The footprint in Newfoundland
The annual itinerary of the fishermen began with their departure from the Iberian Peninsula in the second week of June. The Atlantic crossing took regarding 60 days, reaching Newfoundland in the second half of August, in time to intercept the whales on their autumn migration from the Arctic Ocean to the South Seas. The hunt lasted until the end of the year, when the arrival of winter covered the waters of the bay with ice and made navigation very complicated. That is why only the boats that had not managed to catch a good catch stayed in North America during the winter season. The return trip was usually shorter, between 30 and 40 days, thanks to favorable currents and winds.
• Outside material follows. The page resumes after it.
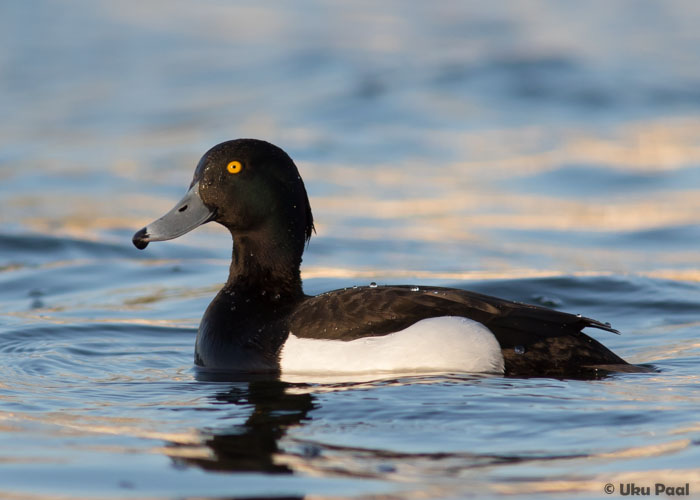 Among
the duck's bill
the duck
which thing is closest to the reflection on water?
the duck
As the 17th century progressed, the decline of both cod fishermen and whalers from the Peninsula accelerated. The entry onto the American scene of French, English, Danish, and Dutch sailors, among others, severely compromised activity in Newfoundland. The King of France It came to prohibit the Spanish from fishing in its waters, refusing to provide them with passports and preventing French sailors from embarking on Spanish ships, a practice that had been carried out because the French were necessary for the work of trenching cod. The Treaty of Utrecht, which marked the passage of Newfoundland from French to English hands, was the final blow to an industry that was no longer as profitable as it used to be.
Without a strong naval presence in the area, Spanish fishermen depended on agreements with the French and English, which made things even more difficult for them. With a great demand for cod in Spain, English fishermen rose in a few years as the most important suppliers of these fish, which entered the Peninsula through Galicia and whose waters did not meet the needs of the country. The last thing the British wanted was for Galicians to go to Newfoundland to buy the merchandise they sold in Spain.
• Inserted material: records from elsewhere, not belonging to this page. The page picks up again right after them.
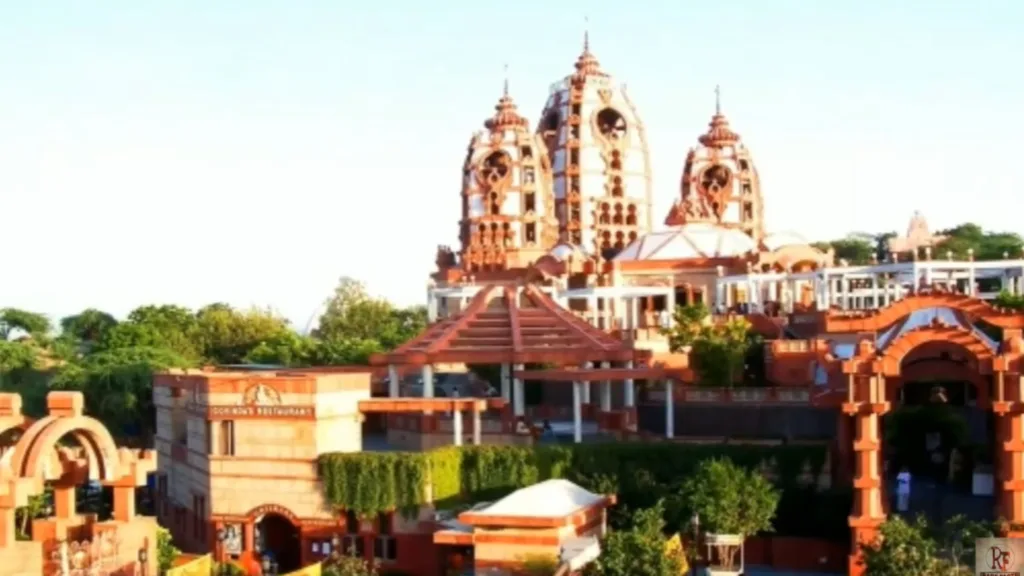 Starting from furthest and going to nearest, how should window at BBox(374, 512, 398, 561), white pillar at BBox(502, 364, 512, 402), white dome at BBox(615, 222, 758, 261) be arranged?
white dome at BBox(615, 222, 758, 261) → white pillar at BBox(502, 364, 512, 402) → window at BBox(374, 512, 398, 561)

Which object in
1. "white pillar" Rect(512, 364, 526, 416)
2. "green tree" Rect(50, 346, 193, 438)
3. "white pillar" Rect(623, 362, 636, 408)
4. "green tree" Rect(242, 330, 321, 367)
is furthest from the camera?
"green tree" Rect(242, 330, 321, 367)

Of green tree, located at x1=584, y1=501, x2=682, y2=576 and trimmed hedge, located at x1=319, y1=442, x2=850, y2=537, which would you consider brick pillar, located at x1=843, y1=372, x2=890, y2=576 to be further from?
green tree, located at x1=584, y1=501, x2=682, y2=576

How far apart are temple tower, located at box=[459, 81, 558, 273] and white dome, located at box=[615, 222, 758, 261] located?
938 centimetres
Both Basques and other peninsulars left a deep mark on the inhabitants of the Island of Newfoundland. Many of the current names of cities and other places are of Spanish origin. As an example, the city Port aux Basques it is present on maps of 1612; Port-au-Choix is a distortion of Portuchoa, “little port”; and Ingonachoix (Aingura Charra) translates as “bad anchoring”. Galician references can also be found in the toponymy. The name of Ferrol appears on a map of Newfoundland from 1674 to distinguish the northern tip of the island.